«Je voulais disparaître!» Aryna Sabalenka parle du trac du Laureus Award à Madrid

Sabalenka a parlé de son discours de remerciement devant des légendes du sport comme Simone Biles plus tôt cette semaine.

Aryna Sabalenka est rarement à court de mots, mais la numéro un mondiale a admis s’être sentie sans voix au moment de s’adresser à un public de légendes du sport lors des Laureus World Sport Awards 2026 plus tôt cette semaine.

La championne en titre de l’US Open a reçu le titre de sportive de l’année aux côtés de Carlos Alcaraz, qui a remporté le titre de sportif de l’année lors du premier jeu blanc de tennis depuis que Rafael Nadal et Naomi Osaka ont tous deux gagné en 2021.

« Je pensais juste qu’en ce moment et dans tous les sports, il y a tant de femmes fortes, puissantes et inspirantes qui font des choses vraiment incroyables », a déclaré Sabalenka à Prakash Amritraj lors de sa visite au bureau de Tennis Channel au Mutua Madrid Open. « Je ne m’y attendais pas, pour être honnête, et je suis super fier, super heureux, super honoré. Honnêtement, voir mon nom à côté de ces précédents vainqueurs, à côté de ces légendes, c’est comme, de quoi tu parles ? C’était fou. »
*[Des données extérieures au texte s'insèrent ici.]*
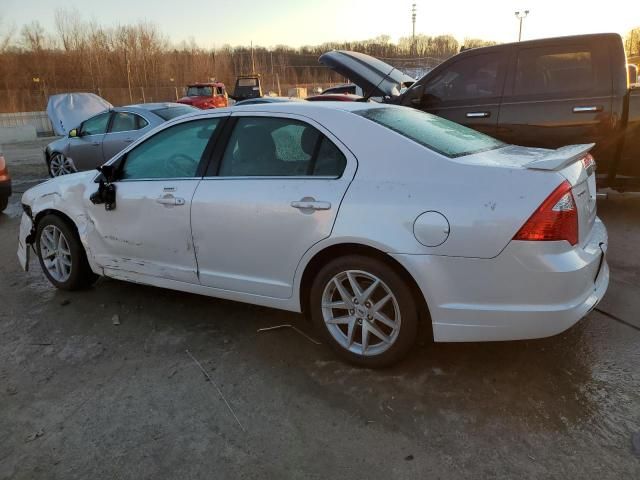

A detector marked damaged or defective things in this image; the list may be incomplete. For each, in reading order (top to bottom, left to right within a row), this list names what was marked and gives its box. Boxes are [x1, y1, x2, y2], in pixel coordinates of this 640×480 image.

shattered rear windshield [152, 105, 198, 121]
shattered rear windshield [356, 106, 504, 158]
damaged white car [17, 102, 608, 368]
exposed wheel well [302, 244, 432, 338]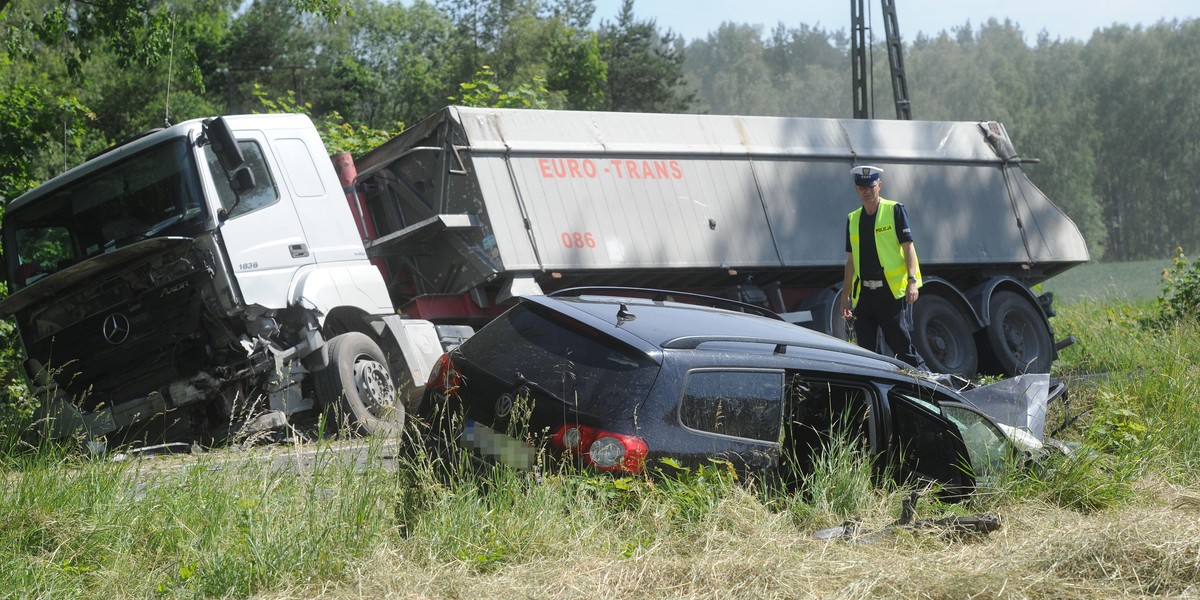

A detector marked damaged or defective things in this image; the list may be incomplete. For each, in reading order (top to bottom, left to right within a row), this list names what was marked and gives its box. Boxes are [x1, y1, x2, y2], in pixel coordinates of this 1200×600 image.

broken windshield [3, 141, 210, 290]
crashed dark car [422, 288, 1056, 494]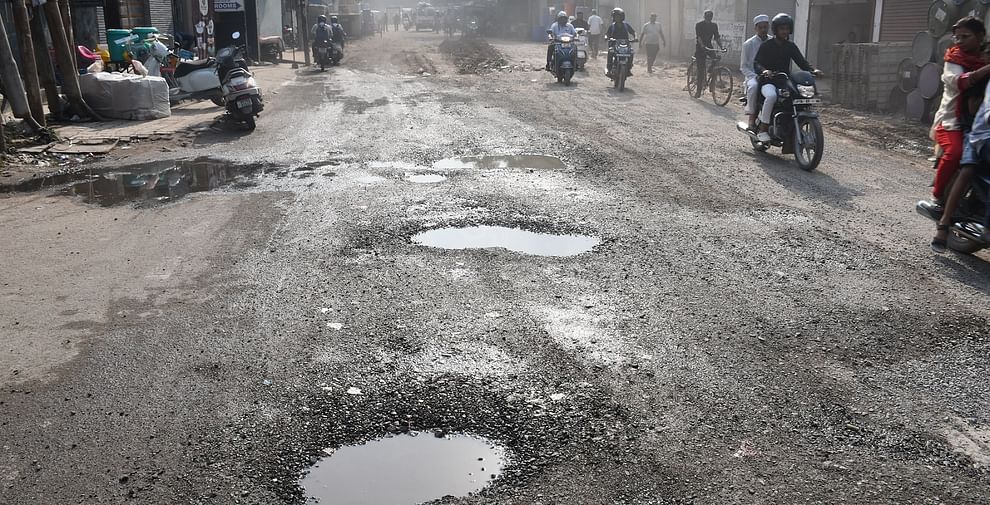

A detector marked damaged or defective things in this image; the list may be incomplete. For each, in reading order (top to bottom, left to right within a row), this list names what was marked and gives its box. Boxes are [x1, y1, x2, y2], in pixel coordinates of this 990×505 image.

water-filled pothole [62, 158, 254, 205]
pothole [59, 158, 258, 205]
pothole [408, 224, 596, 256]
water-filled pothole [410, 224, 596, 256]
pothole [300, 432, 504, 502]
water-filled pothole [302, 432, 508, 502]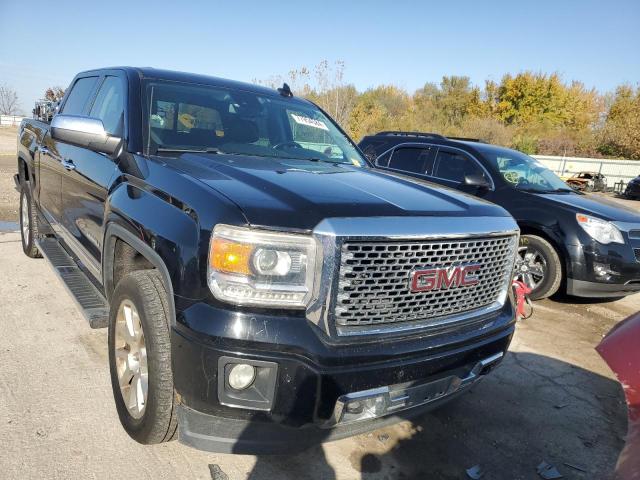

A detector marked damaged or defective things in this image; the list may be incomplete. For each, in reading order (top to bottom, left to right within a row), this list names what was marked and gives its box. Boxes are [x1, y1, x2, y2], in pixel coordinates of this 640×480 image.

damaged vehicle [16, 67, 520, 454]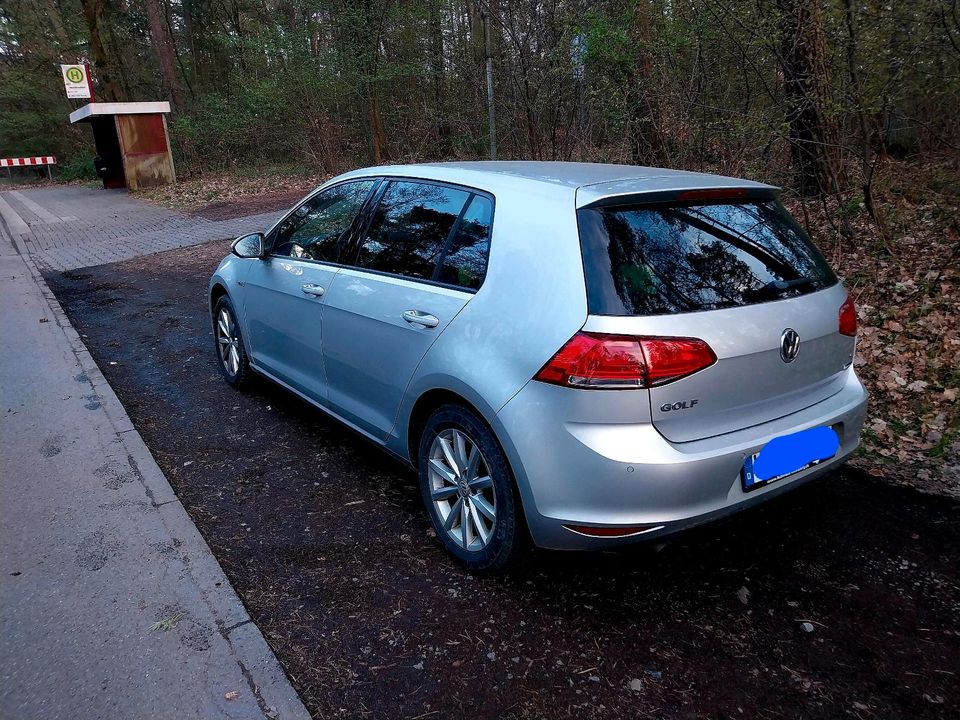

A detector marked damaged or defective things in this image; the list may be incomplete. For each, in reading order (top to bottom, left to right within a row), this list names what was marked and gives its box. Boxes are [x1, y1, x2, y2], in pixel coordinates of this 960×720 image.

rusty metal wall [116, 114, 176, 191]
Sabalenka venait de remporter un 13e match consécutif, après avoir remporté le Sunshine Double au BNP Paribas Open et à l’Open de Miami. Championne en titre de la Caja Magica, elle a facilement géré la pression pour vaincre Peyton Stearns en deux sets serrés, mais a admis se sentir beaucoup plus intimidée entourée par Simone Biles plus tôt cette semaine.

« Cette salle était pleine de légendes, pleine de travailleurs acharnés, pleine de gens inspirants », a déclaré Sabalenka. « Je suis devenu très ému rien qu’en regardant toutes leurs histoires. J’étais en larmes tout le temps, et c’était un événement très cool de voir et de s’inspirer des autres. C’était juste comme, wow, quelle nuit. J’étais sans voix.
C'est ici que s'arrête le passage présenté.